The tech gig: Stops for no one
Nonetheless, this is an intricate area both technically and institutionally regulatory. On the ground, it’s characterised by numerous variants/hybrids such as in community microgrids at one end of the spectrum; through solar big battery installations feeding dedicated grids; through supplying existing centralised grids at the other.
These developments are at the cutting edge of a technology where innovation cycles are not only producing new solutions at a bewildering pace but lowering unit costs — for example, solar panels which have dropped below five U.S. cents per kWh for the first time in 2020.

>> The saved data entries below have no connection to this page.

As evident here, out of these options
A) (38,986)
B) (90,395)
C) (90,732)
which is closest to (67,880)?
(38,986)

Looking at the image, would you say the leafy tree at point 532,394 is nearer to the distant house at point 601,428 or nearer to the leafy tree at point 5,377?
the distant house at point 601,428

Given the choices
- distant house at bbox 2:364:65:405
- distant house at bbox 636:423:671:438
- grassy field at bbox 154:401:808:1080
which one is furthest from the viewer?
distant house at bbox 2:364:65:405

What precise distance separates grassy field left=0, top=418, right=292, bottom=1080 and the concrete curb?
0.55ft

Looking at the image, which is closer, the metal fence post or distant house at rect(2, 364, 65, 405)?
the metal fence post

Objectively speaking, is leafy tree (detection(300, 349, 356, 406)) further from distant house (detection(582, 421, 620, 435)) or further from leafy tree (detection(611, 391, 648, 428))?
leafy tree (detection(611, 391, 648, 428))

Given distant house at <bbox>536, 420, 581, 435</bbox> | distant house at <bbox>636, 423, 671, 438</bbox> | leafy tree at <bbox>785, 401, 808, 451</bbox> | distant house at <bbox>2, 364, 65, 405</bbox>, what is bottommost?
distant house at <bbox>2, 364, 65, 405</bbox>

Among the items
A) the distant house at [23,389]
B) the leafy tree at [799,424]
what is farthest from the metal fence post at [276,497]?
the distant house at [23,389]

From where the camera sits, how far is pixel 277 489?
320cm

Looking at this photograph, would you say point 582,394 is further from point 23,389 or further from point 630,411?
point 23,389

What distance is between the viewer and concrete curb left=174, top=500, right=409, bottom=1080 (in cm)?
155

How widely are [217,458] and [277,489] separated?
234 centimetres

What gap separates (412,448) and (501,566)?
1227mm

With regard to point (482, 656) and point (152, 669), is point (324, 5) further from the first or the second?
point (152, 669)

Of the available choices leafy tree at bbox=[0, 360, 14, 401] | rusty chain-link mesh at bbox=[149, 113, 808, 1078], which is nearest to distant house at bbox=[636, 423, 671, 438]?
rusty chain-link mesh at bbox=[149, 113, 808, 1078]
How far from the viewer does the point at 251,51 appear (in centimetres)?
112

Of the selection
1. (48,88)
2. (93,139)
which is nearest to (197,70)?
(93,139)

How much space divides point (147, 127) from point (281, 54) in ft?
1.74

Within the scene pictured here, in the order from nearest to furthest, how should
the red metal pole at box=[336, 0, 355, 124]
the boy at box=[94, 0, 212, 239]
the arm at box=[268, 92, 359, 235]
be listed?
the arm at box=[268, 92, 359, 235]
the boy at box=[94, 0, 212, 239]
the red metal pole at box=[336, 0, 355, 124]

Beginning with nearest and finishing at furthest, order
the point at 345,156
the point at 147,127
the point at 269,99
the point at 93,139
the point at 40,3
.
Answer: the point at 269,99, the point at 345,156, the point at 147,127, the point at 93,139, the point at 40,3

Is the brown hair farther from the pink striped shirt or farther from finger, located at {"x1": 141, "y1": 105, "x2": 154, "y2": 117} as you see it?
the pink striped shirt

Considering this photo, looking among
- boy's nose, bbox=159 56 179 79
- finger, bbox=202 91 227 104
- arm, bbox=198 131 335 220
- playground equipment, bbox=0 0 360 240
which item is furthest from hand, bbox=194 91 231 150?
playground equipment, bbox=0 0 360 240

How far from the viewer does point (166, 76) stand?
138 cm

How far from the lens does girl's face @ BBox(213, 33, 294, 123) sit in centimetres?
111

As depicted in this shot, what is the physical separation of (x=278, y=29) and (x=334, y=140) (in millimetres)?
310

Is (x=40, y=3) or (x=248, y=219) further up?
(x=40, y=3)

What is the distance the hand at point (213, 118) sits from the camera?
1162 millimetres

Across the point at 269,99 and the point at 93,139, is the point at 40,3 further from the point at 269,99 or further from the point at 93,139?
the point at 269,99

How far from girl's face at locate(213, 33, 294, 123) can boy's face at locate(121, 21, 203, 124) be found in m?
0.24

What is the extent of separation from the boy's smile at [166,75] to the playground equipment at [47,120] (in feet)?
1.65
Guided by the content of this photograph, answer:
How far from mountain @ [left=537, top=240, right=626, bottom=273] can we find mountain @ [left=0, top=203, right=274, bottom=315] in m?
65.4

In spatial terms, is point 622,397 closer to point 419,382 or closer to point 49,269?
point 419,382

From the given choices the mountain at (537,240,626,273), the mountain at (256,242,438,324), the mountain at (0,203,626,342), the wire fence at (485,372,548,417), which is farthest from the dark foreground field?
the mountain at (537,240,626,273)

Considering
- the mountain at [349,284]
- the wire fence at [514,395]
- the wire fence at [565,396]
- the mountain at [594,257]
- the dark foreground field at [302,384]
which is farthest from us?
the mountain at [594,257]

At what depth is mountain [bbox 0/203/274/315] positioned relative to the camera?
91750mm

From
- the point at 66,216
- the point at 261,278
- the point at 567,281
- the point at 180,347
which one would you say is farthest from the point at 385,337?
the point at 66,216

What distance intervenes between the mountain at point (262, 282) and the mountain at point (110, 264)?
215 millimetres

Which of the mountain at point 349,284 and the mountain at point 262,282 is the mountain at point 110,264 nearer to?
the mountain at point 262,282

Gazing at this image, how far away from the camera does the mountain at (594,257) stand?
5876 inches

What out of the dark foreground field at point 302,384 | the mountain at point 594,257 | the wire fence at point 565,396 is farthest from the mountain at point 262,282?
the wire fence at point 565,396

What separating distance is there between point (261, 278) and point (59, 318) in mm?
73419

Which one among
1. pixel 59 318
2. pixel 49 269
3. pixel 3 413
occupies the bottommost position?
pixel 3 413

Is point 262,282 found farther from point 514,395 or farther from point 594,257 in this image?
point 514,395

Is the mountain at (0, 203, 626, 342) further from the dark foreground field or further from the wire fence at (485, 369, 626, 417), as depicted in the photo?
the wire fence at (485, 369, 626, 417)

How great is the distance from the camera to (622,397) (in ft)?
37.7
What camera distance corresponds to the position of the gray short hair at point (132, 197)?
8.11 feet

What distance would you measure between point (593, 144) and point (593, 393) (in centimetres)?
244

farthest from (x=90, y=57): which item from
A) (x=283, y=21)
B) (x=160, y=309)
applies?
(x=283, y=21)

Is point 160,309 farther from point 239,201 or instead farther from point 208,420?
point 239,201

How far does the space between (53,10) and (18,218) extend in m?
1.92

According to Renew Economy, Australia already has six big batteries operating on its main grid, with another five under construction and more than 50 in the pipeline. Add to this the prospect of greater autonomy for individual households with inexpensive iron batteries due to come on stream that extend (home) storage to four days, dispatching the “if the wind doesn’t blow and the sun doesn’t shine” myth.
Community-level partnerships
Meantime, there’s room for a blending of purpose expressed in power-sharing through community microgrids and collaboration in growing food, supporting neighbourhood biodiversity through Gardens for Wildlife and so forth. In all likelihood, there’s a significant overlap between the respective advocates/practitioners insofar as wanting to do the right thing.
Such a mobilisation would square with degrowth in the suburbs as pursued by Brendan Gleeson and Samuel Alexander, namely:
‘...existing suburbia can be the centre-ground of transition to a new social dispensation based on the principle of enlightened material and energy restraint.’
And that’s not to mention the 15-minute city given impetus by working from home or, most recently, the one-minute city.
Moreover, it would ensure lesser connectivity and vulnerability to cascading failures from over-centralised systems and focus attention on physical elements designed to adapt to changing conditions, either extreme weather events or the gradual shifts in heat, cold, wetness and dryness driven by climate change.
Refresh
That scalar requires detailed consideration, especially if the isolation we’re experiencing is not to have some pay-offs down the track. Do we really want to simply snap back to a world of glass vats full of knowledge workers, big builds, crowded platforms and trains in long commutes? Or instead, a once-in-a-generation opportunity to reset to a less KPI-nuanced culture, connected to Nature and helping a planet in distress from climate change warping geological time?
Time will tell.
Dr Peter Fisher is an Honorary & Vice-Chancellor Fellows Group member, University of Melbourne.